View attachment untitled.bmp


----------



## That crazy vancouver guy (Mar 15, 2008)

ok, man...

first off, cuz u r in soil, the ph you should be watering with should be about about 6.4/6.5  you need to get yourself some ph up and ph down from a hydro shop. 
I hope you have some holes in that cup you have there... it's kinda deep, IMO,  so you have to wait a long time for the cup to dry out... like now, you should only have to water about every week or so... and not untill you get runoff, either. mj grows best when initially moistened, and then allowed to dry out so air can get at the roots.

let the cup dry out between waterings to the point where the seedling is visibly just starting to look wilty.

don't start feeding nutes - very weak at first - till the plant gets to be about 3" high and the little round suckers have died off.


----------



## Cortezz1904 (Mar 16, 2008)

ok, i will do so vancouver


----------



## Ettesun (Mar 16, 2008)

Hi Cortezzz...  

Okay, I just noticed you have a photo...  hmmmm...  she looks unhappy.  I'd say get some B-1 or Super Thrive and hopefully you have good soil and good drainage so they are not in soggy soil.  Babies that small need moist soil always.  Must be from seeds???  Did they every get too dry???  That would be a problem... 
Good luck to you.  Hope your babies get happy.


----------



## That crazy vancouver guy (Mar 16, 2008)

k, man... I'm not as stoned right now, so I can help you out better now...  lol

k... that soil you are using looks a little bark-mulchy to me... that's a no-no... too acidic.

what I would do, if I were you, would carefully remove the seedling from that soil and transplant it into a regular 4" pot using a premium commercial potting soil like Fox Farms or ProMix HP. you can do this if the soil is damp - simply turn the plant out of the pot, upright and crumble away the soil from around the minimal root mass. just be gentle and you wont have any probs... and then you could bury the plant a little higher up the stem and reduce some of the stretch :hubba: .

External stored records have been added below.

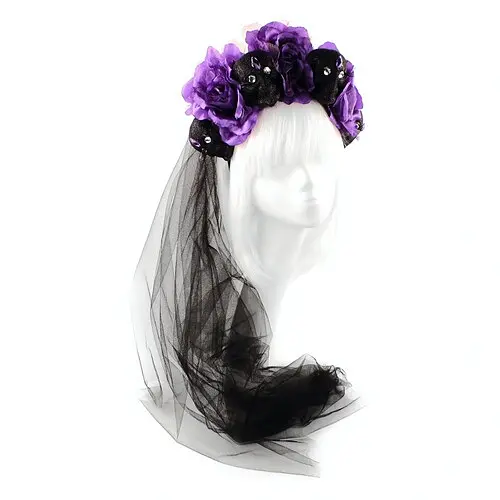 Обруч Santa Benita с фатой - фото 1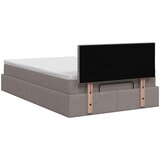  Podesivi krevet s madracem Sivosmeđa 120 x 200 cm Tkanina | shoptok.hr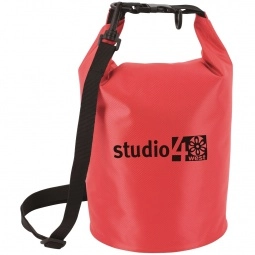 Red Waterproof Dry Sack Custom Tote Bags - 5L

you want to keep the seedling in a small pot for it's initial growth. this way you can control the moisture content of the soil more efficiently. by only giving enough to saturate the entire pot, you reduce the time it takes for the pot to dry, hence, more waterings/feedings... HOWEVER... you HAVE to allow the entire pot of medium to dry out before you water it next.

ok... I am a bit stoned right now, so I've wandered off in my mind and forgot my train of thought, so I'm gunna stop now... I think I told ya all I figured I had to....


----------



## Cortezz1904 (Mar 16, 2008)

ok... good to hear that vancouver... i bought some foxfarm ocean forest yesterday and transplanted just how u said to.

thanks for all the input everyone


----------



## Ettesun (Mar 16, 2008)

That's what I use too.  You'll see an improvement! 
Take care.  

eace:


----------



## shuggy4105 (Mar 17, 2008)

are you using perlite with your soil mix?


----------



## Cortezz1904 (Mar 17, 2008)

wasnt sure if i should, seemed like there was some in there already


----------



## Cortezz1904 (Mar 17, 2008)

Ettesun said:
			
		

> That's what I use too. You'll see an improvement!
> Take care.
> 
> eace:


 
do u use perlite in urs ettesun?


----------



## Ettesun (Mar 18, 2008)

Hey Guys,  I don't use extra perlite.  I thought it looked good the way it is, and it holds moisture and stays fluffy.  That's what we need is fluffy soil, right? :watchplant::giggle:  
I have some older mother plants who have hard packed soil and I guess I should replant them in bigger pots with the Ocean/Forest.  One of my friends gave me that other soil and I realize now I should have never used it.  
I somehow have to break away that packed soil and shake it off a little to let the mothers get some new stuff.  They do look pretty though.  
I had a bad run with Spider Mites on a couple Bubble Gum mothers and I'm having a rough time on one still.  That is my main headache now.  Still have a little mold the clones got from their mother.  Gee Whiz!!!!!!!!!!!  HELP!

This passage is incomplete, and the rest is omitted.